ERROR(S) IN FORM Missing e-mail Address. Please register to UABgrid first - So, clicking on the given link, I registerd to the UABGrid, which goes to the myVocs. In there, I clicked on the preferences tab and added my e-mail address
- After adding my e-mail address, I clicked on the https://ca.uabgrid.uab.edu/user/custom_request_cert.php again again.
- On the second time too, my e-mail address was blank.
- So, closed the certification page and cleared all the session cookies (with the help of Firefox add-on "Web Developer", you can click on cookies tab and clear all your session cookies)
- Clicked on the link https://ca.uabgrid.uab.edu/user/custom_request_cert.php a third time, and now my e-mail address appears
- Now I hit on Submit Request and I get the following information
You are about to create a certificate using the following information: User's Name ppreddy@uab.edu E-mail Address ppreddy@uab.edu Organization University of Alabama at Birmingham Department/Unit UABgrid Locality Birmingham State/Province Alabama Country US Certificate Life 1 Year
- Created the certificate
- Then downloaded the userkey.pem and usercert.pem onto my desktop on the local machine
- cheaha.ac.uab.edu does not have a .globus directory in my /home/ppreddy account. So created a .globus directory and did a scp of userkey.pem and usercert.pem to the .globus directory. When I tried to run gridway commands, like gwhost and gwps , I get the following message on cheaha.ac.uab.edu
[ppreddy@cheaha ~]$ gwhost -bash: gwhost: command not found
- So, logged onto stage.uabgrid.uab.edu and it does have a .globus directory already in my /home/ppreddy folder. So, did a scp of userkey.pem and usercert.pem to the .globus directory. Gridway commands do run on stage.uabgrid.uab.edu
- Created the example script testjob with the following contents
EXECUTABLE=/bin/uname ARGUMENTS=-a RESCHEDULE_ON_FAILURE=no - When I do a gwsubmit -t testjob, I get the message
[ppreddy@stage ~]$ gwsubmit -t testjob FAILED: failed could not register user (check proxy)The above finding has been reported as a ticket http://dev.uabgrid.uab.edu/ticket/48
Also, when the job I submit, is hung, the job submitted by any other user after me also gets hung.

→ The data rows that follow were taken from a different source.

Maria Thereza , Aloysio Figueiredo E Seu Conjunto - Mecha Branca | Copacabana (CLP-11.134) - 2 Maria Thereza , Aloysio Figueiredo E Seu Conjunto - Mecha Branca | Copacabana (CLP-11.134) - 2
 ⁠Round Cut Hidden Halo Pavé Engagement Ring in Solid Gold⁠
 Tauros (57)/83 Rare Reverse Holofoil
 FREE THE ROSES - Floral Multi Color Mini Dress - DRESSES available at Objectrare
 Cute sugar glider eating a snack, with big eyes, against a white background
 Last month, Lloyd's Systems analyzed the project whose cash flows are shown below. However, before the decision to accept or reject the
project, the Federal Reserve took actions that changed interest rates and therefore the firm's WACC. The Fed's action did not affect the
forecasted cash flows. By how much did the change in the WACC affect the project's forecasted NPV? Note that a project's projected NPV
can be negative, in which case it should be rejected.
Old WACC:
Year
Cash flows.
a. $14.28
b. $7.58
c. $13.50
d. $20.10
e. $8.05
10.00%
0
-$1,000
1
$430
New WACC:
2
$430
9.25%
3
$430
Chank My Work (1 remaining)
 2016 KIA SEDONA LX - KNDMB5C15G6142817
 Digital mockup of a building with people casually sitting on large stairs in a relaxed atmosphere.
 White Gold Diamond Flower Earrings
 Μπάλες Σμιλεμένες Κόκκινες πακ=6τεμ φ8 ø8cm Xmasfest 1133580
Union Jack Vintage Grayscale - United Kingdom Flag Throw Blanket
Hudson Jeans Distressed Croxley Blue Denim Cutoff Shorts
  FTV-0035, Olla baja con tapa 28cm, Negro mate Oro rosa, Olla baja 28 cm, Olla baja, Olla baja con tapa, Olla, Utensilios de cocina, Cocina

The problem of failed to register user proxy cascaded because of my failed job.
So, the gwd had to be killed in order to clear off the hung job. This had to be done with a hard kill kill -9 <pid> and subsequently the lock file removed rm $GW_LOCATION/var/lock
gwd was started again after clearing off the hung job
- Without executing the script, I copied the testjob lines onto the command line itself and I get the following message
[ppreddy@stage ~]$ /bin/uname -a RESCHEDULE_ON_FAILURE=no Linux stage.uabgrid.uab.edu 2.6.9-55.0.2.ELsmp #1 SMP Tue Jun 26 14:30:58 EDT 2007 i686 i686 i386 GNU/Linux
- Upon encountering the problem of failed to register user proxy , searched the gw-users mailing lists and a discussion thread on the same problem was found. The discussion thread can be found here http://www.globus.org/mail_archive/gridway-user/2007/03/msg00007.html Two suggestions have been posted:
- Check whether your Java version is 1.4. If it is, upgrade it to Java 1.5 > Java version in our environment is 1.5
- Check whether gw was installed in multi-user mode and run the gw_em_mad_ws
> I did execute the gw_em_mad_ws command as given in http://dev.uabgrid.uab.edu/uabgrid-stage/wiki/BuildTheStage
sudo -u ppreddy /opt/gw/bin/gw_em_mad_ws
for which I got a message, "Not authorized to do so"
John Paul found out that I was not added to the "gwusers" group and so, I was not able to submit jobs to gridway.
I was added onto the gwusers group with the commandusermod -a -G gwusers ppreddy
and now Iam able to submit jobs to the gridway.